Commanders and leaders
- Alex Kawilarang Hamengkubuwana IX: Andi Aziz (POW)

Units involved
- National Armed Forces of the United States of Indonesia (APRIS): Royal Netherlands East Indies Army (KNIL)
- Casualties and losses: At least 17 TNI soldiers were reported killed, and further losses occurred during heavy fighting.

= Makassar Uprising =

Skirmish between Indonesian and ex-Dutch soldiers

The Makassar Uprising, also known as Andi Aziz rebellion (Indonesian: Pemberontakan Andi Aziz), was a skirmish in Makassar, Sulawesi, between former Royal Dutch East Indies Army soldiers under Captain Andi Aziz and the Republic of the United States of Indonesia government. The purpose of the uprising was to revolt against the incorporation of the Indonesian federated "states" into the Indonesian Republic. However, the uprising was quashed in a little over two weeks when troops under Lieutenant Colonel Suharto and Colonel Alexander Evert Kawilarang arrived at Makassar to find only light resistance.

The East Indonesian government refused to condone Aziz's actions and he was subsequently arrested in Jakarta on 14 April while attempting to negotiate with the republican authorities. The Makassar Uprising only facilitated republican control over the federal states.

== Background ==
Following the end of World War II in August 1945, the Dutch sought to re-establish control over the East Indies, modern-day Indonesia. While Australian and Dutch troops managed to occupy much of eastern Indonesia with minimal resistance, Anglo-Dutch forces in Java and Sumatra were challenged by nascent Republican nationalists advocating self-rule under Sukarno.
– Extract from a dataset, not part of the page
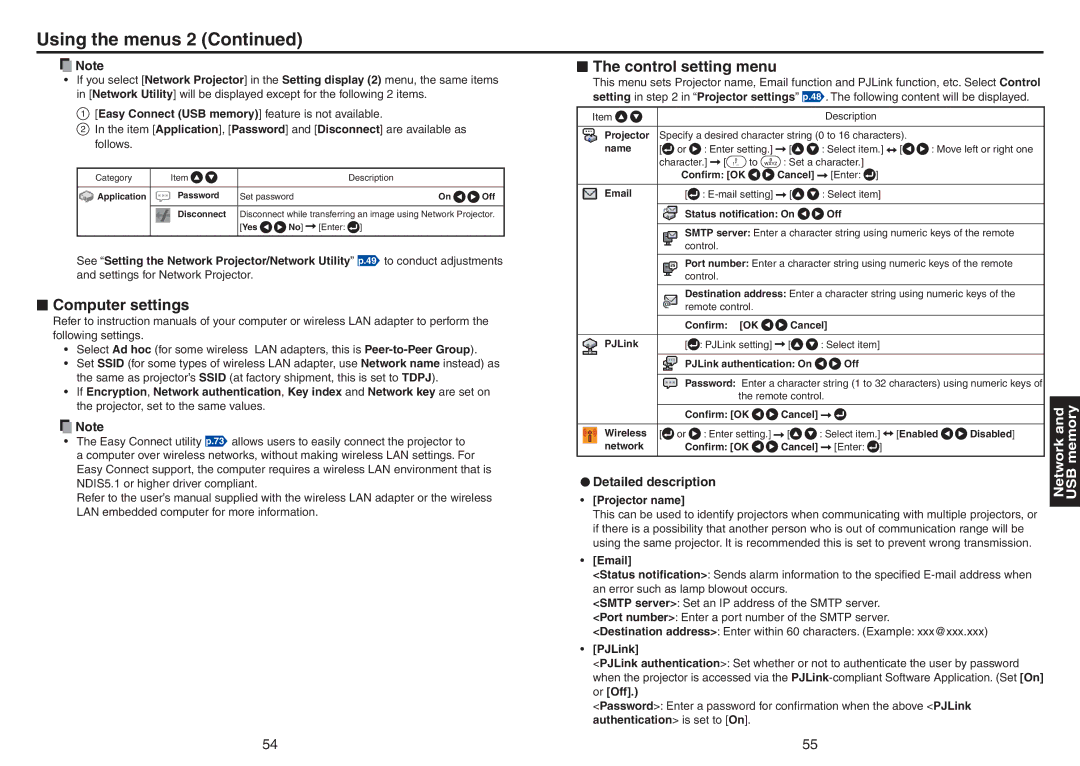 Toshiba TDP-TW420 owner manual Computer settings, Control setting menu, Detailed description, Projector name, PJLink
The Republican goal of a unitary Republic of Indonesia centered on Java clashed with Dutch decolonization efforts to implement a system of federal states which was part of a Dutch commonwealth. Negotiations were dogged by skirmishes and the Police Actions.

In Sulawesi, resistance to Dutch rule was successfully suppressed by Captain Raymond Westerling, who drew controversy for his use of arbitrary terror tactics including rounding up villages and summarily executing members until they submitted information. However, the eradication of Republican forces paved the way for the establishment of a more amenable East Indonesian civil administration based in Makassar. In South Sulawesi, they also replaced more than a quarter of the pro-Republican local nobility including the Rajahs of Bone and Lawu, prompting the remaining rajahs to collaborate with the Dutch authorities.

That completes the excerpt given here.